### Problem:
Copy each line of the data below exactly, leaving out pictures.

### Raw data:
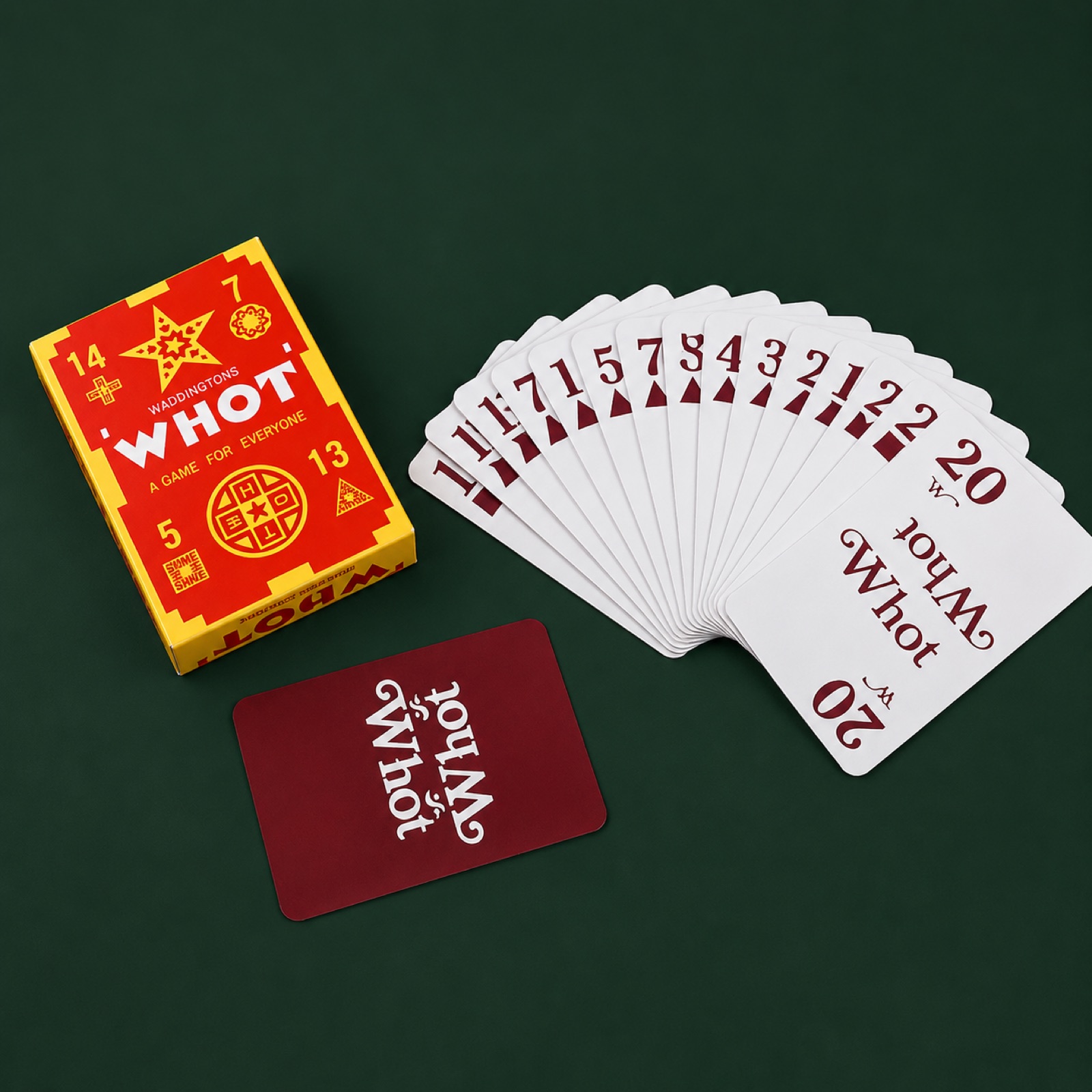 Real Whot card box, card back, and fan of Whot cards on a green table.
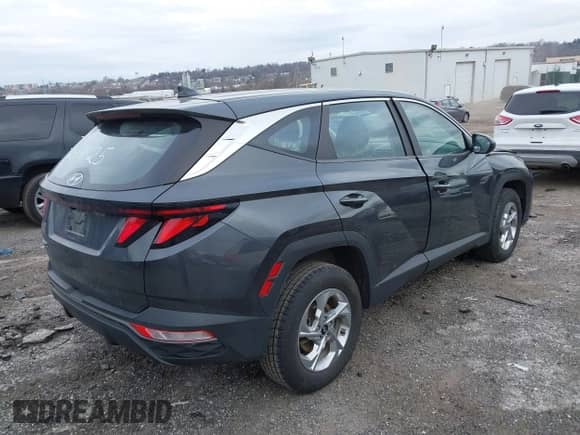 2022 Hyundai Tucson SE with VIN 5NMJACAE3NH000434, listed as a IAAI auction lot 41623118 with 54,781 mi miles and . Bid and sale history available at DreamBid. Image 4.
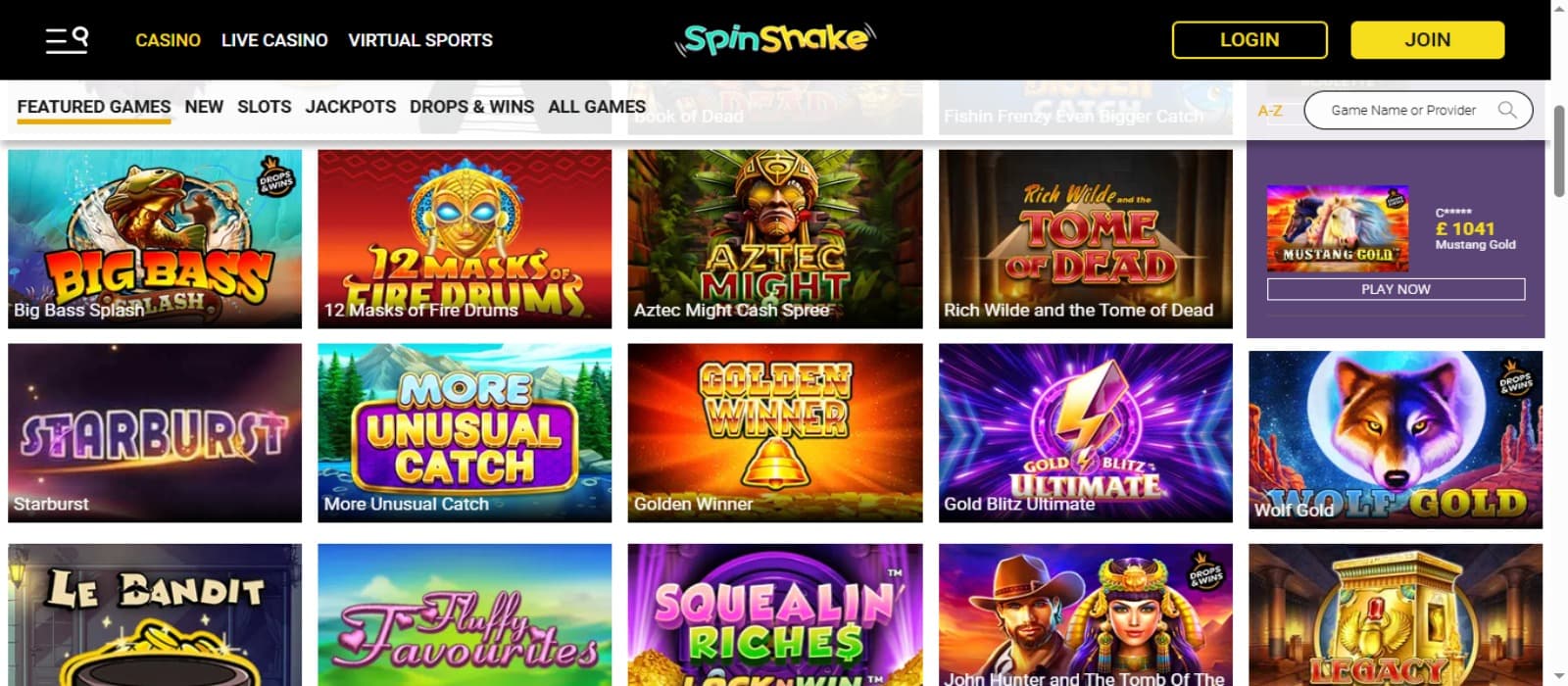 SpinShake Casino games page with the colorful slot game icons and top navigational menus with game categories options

### Answer below:
 Real Whot card box, card back, and fan of Whot cards on a green table.
 2022 Hyundai Tucson SE with VIN 5NMJACAE3NH000434, listed as a IAAI auction lot 41623118 with 54,781 mi miles and . Bid and sale history available at DreamBid. Image 4.
 SpinShake Casino games page with the colorful slot game icons and top navigational menus with game categories options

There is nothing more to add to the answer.